The above should launch JupyterLab's web interface in your default browser.
You can now explore and run the Jupyter notebooks under the `jupyter-files/` directory.

## Project Structure

`Pipfile` and `Pipfile.lock` are specific to Pipenv.
In particular, `Pipfile` specifies this project's dependencies
and is used to create a reproducible environment for better collaboration.

All Jupyter notebooks are found in the `jupyter-files/` directory:
- `exploration.ipynb`: Contains visualisations and general statistics about the dataset.
- `preprocessing.ipynb`: Preprocessing of the dataset (train-test split, one-hot encoding, label encoding, standardisation, etc.).
- `model-selection.ipynb`: Nested cross-validation to select the models and tune their hyperparameters.
- `training.ipynb`: Training of the models.
- `lime.ipynb`: Applying LIME to the models.
- `shap.ipynb`: Applying SHAP to the models.
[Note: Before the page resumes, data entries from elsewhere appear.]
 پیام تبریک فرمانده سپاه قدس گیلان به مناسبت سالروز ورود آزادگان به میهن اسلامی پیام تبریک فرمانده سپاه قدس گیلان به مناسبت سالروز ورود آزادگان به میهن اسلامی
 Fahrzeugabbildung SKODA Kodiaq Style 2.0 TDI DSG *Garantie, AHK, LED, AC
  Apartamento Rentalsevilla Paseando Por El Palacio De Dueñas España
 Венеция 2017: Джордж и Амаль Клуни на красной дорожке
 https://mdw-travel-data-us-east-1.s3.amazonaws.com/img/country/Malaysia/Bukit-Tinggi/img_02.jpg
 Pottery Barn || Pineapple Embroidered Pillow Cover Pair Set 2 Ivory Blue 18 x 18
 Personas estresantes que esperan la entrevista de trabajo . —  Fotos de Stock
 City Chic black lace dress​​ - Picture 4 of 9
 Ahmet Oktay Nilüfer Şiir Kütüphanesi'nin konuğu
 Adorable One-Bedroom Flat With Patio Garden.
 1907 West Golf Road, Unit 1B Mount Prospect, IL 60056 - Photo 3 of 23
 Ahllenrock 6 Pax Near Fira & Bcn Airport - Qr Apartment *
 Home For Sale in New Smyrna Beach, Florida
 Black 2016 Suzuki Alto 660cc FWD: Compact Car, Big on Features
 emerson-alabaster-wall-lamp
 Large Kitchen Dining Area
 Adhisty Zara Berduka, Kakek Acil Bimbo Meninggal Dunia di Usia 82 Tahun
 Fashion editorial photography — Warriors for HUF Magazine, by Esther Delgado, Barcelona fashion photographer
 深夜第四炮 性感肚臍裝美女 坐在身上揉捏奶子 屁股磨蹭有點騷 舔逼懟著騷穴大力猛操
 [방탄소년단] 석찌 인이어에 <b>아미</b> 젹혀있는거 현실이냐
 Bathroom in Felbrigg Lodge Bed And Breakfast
The `dataset/` folder contains the original dataset in CSV format (`obesityData.csv`),
in addition to its preprocessed variants created and exported by `preprocessing.ipynb`.

The `encoders/` folder contains encoders (one-hot encoder, label encoder, standard scaler) pickled and exported by `preprocessing.ipynb`.
These encoders are used by some of the other notebooks.

Similarly, the `models/` folder contains trained models (random forest classifiers) pickled and exported by `training.ipynb`.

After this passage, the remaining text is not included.